And yet we still ask whether they have learned to repeat an answer correctly.
The child's brain is not designed for this overload. As social psychologist Jonathan Haidt warns in The Anxious Generation, the hyperconnected childhood coincides with a worrying deterioration in adolescent mental health, and with a reduction in experiences that are fundamental for emotional development, such as free play, autonomy and productive boredom.
These behaviours and dynamics, intensified by intensive use of screens and digital platforms at early ages, are triggering a deficit in key skills for cognitive development. Researcher Gloria Mark, an expert in digital attention, has documented how the constant fragmentation of attention reduces the capacity for sustained concentration and affects the depth of cognitive processing.

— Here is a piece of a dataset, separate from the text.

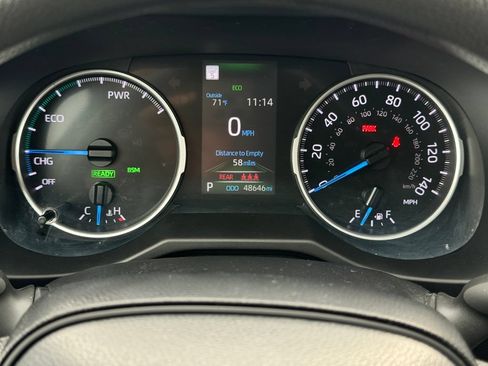 Used 2021 Toyota RAV4 LE AWD/4WD image 20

The magnitude of the problem is already documented. According to the World Health Organization (WHO), one in seven adolescents aged 10–19 years (14%) lives with a mental disorder, and depression, anxiety and behavioural disorders are among the leading causes of illness and disability at this stage. Furthermore, suicide is the third leading cause of death among young people aged 15–29.

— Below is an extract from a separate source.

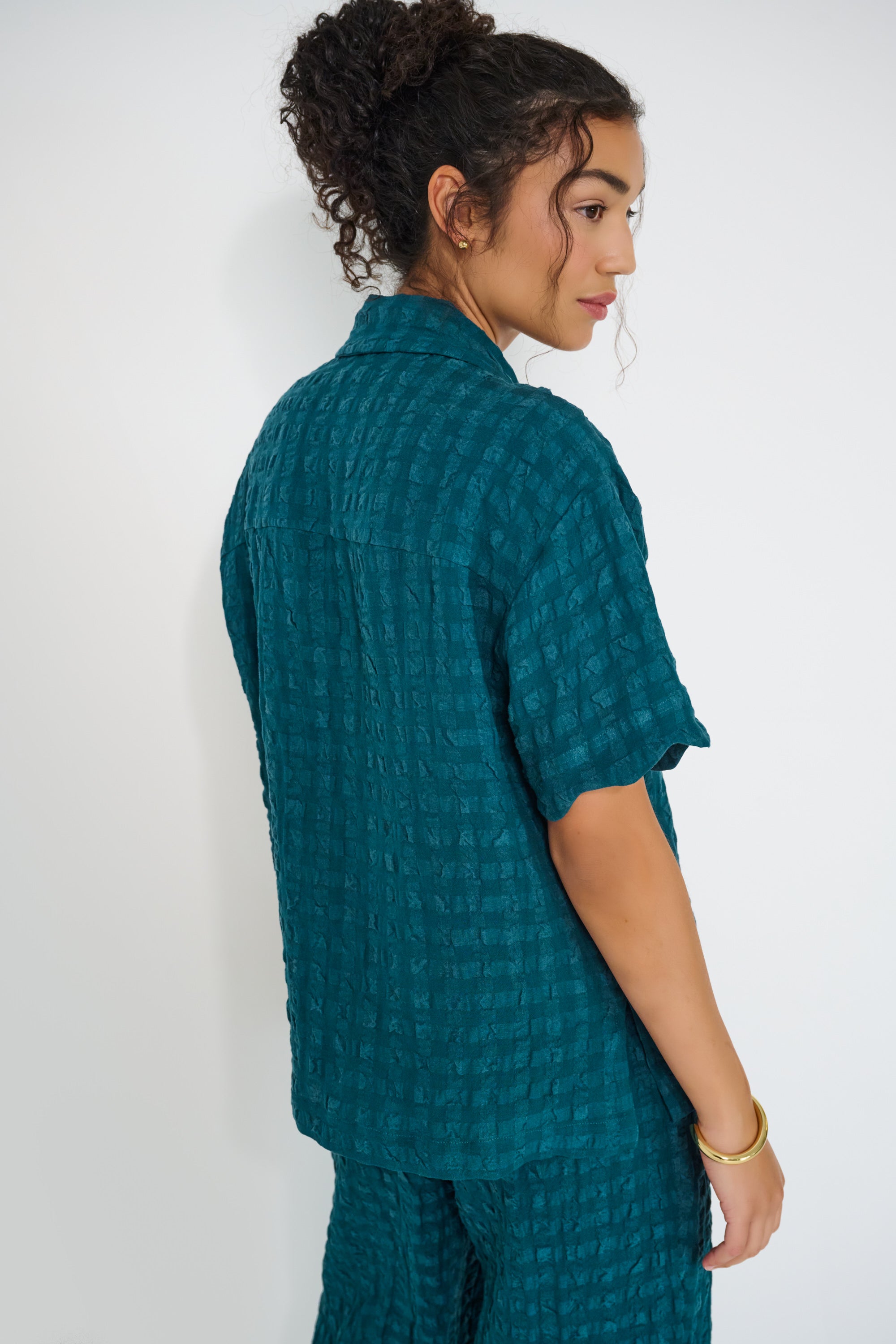 Voyage Shirt deep teal seersucker back view – relaxed summer shirt made in Canada with lightweight breathable fabric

UNICEF, for its part, has warned that the digital environment is profoundly transforming the experience of childhood and adolescence, amplifying the risks associated with social isolation, cyberbullying, exposure to harmful content and deterioration of emotional wellbeing when adequate supervision is lacking.

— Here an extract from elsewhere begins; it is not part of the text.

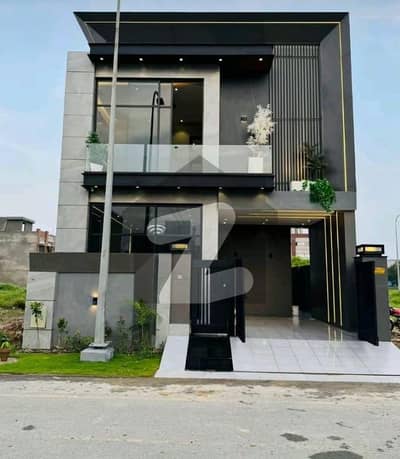 ڈی ایچ اے 9 ٹاؤن ڈیفنس (ڈی ایچ اے),لاہور میں 3 کمروں کا 5 مرلہ مکان 2.5 کروڑ میں برائے فروخت۔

We are not talking only about screens. We are talking about fragmented attention, constant comparison, external validation, cyberbullying, diminished free play and fewer opportunities to develop creativity and patience.
And here an enormous contradiction appears: while a child's brain needs deep attention, movement, emotional regulation and real human experiences, much of its digital environment offers exactly the opposite.

Some countries have already reacted

The debate is no longer anecdotal.
Australia approved a law in 2024 that forces platforms such as TikTok, Instagram, Facebook, X and Snapchat to prevent under‑16s from having accounts. This law was presented as one of the most ambitious regulations in the world on youth access to social media. France, for its part, has since 2018 restricted the use of mobile phones in schools, even outside the classroom, as part of its strategy to reduce hyperconnectivity and protect learning and school socialisation processes.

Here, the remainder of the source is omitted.